Hopes for further rate cuts fade as UK inflation hits 3.8%

The Bank of England building (credit: George Iordanov-Nalbantov)
UK inflation unexpectedly accelerated to an 18-month high of 3.8% in July, reducing the likelihood of further interest rate cuts from the Bank of England.
Wednesday’s figure from the Office for National Statistics (ONS) surpassed economists’ forecasts of 3.7% and was an increase from the 3.6% recorded in June. The rise was driven by higher transport costs, including air fares and motor fuel. Food and non-alcoholic beverage prices continued their upward trend, climbing 4.9% compared to the same period last year.
In a sign of persistent underlying price pressures, services inflation – a key indicator for the Bank of England – rose to 5% from 4.7%. This will be a cause for concern for policymakers on the Monetary Policy Committee (MPC), who recently delivered a narrow decision to cut the UK’s key interest rate by a quarter point to 4%.
The Bank is forecasting that inflation will peak at 4% in September, double its 2% target. While the MPC has cut rates five times since last summer, economists now expect the pace of reductions to slow significantly.
The latest figures highlight how inflation is proving more stubborn in the UK compared to its international peers. Eurozone inflation was estimated at 2% for July, while the United States reported annual inflation of 2.7% for the month.
Janet Mui, head of market analysis at RBC Brewin Dolphin, said: “UK inflation rose to an 18-month high in July, putting the Bank of England in a tougher spot and reinforcing the squeeze felt by households. There is no doubt that inflation remains well above target and sticky, which reduces the chance of another rate cut in the foreseeable future.
“The acceleration in food prices and hospitality adds to evidence of firms passing on higher National Insurance and the minimum wage increase to consumers. There were some temporary factors at play too, with airfares rising the most on a monthly basis since 2001 due to the timing of the school holidays.
“If we exclude those volatile components, core services inflation has eased slightly.
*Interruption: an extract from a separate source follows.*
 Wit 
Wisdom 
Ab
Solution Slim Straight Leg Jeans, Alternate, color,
Unless we see a sharp deterioration in economic activity, the bank is likely to keep rates on hold until the end of the year.”
Luke Bartholomew, deputy chief economist, at Aberdeen said: “Inflation was always likely to rise today, but this report is definitely on the hotter side. In particular, services inflation, which the Bank of England watches very closely as a measure of underlying inflation pressure, popping higher will be a source of concern among policymakers.
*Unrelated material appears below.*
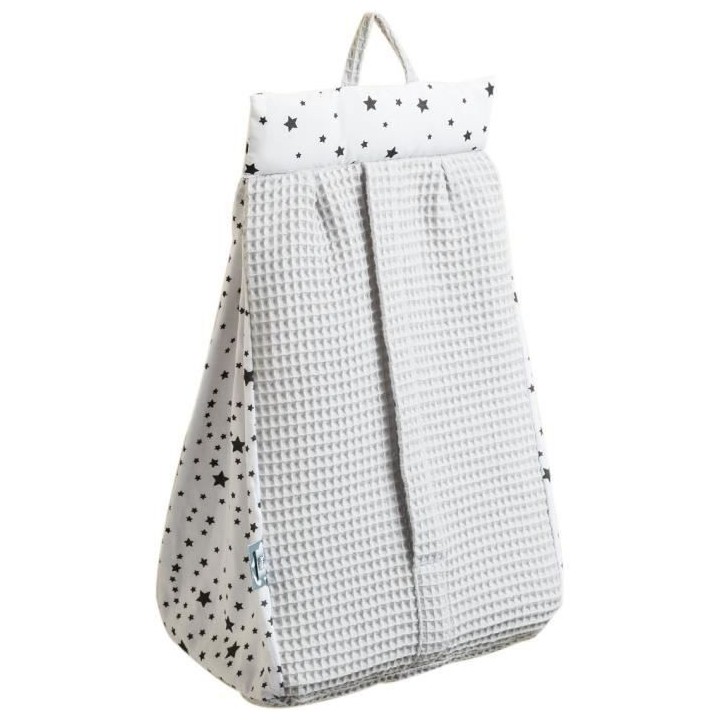 BABYCALIN Céleste de BBC Paris Range-couches - 25 x 35 cm Gris clair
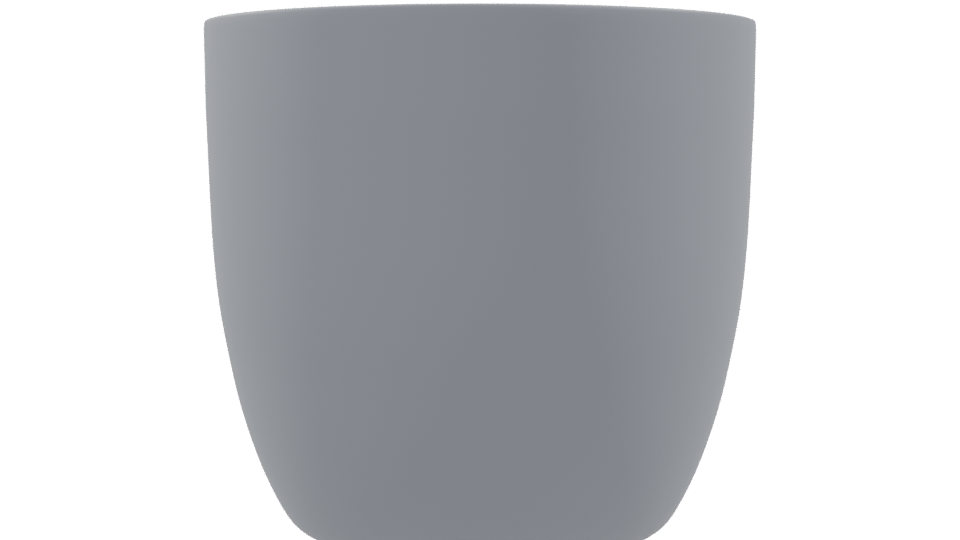 Stylish Decorative Planter Model - Professional 3D Model Render 9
“With inflation likely to rise further in coming months and wage growth gradually slowing, it is quite possible we move back to a period of sustained negative wage growth. All of which will keep the economy feeling more “stagflationary” than comfortable. The outlook for interest rates is therefore looking more uncertain. We continue to expect another cut in November, but the risk of a more sustained pause in the cutting cycle has increased.”
Kevin Brown, savings expert at Scottish Friendly, added: “Borrowers at least have something to cling to. The MPC’s recent rate cut has eased repayments for those on tracker mortgages, and lenders are cutting deals aggressively in a scramble for business. That has offered a glimmer of relief for homeowners.
“But for savers, the only way to describe today’s reading is ‘grim’. Falling savings rates combined with high inflation mean cash is steadily being eroded. Savers may want to look to secure the best-paying accounts or consider long-term investments that have the potential to deliver stronger real returns.”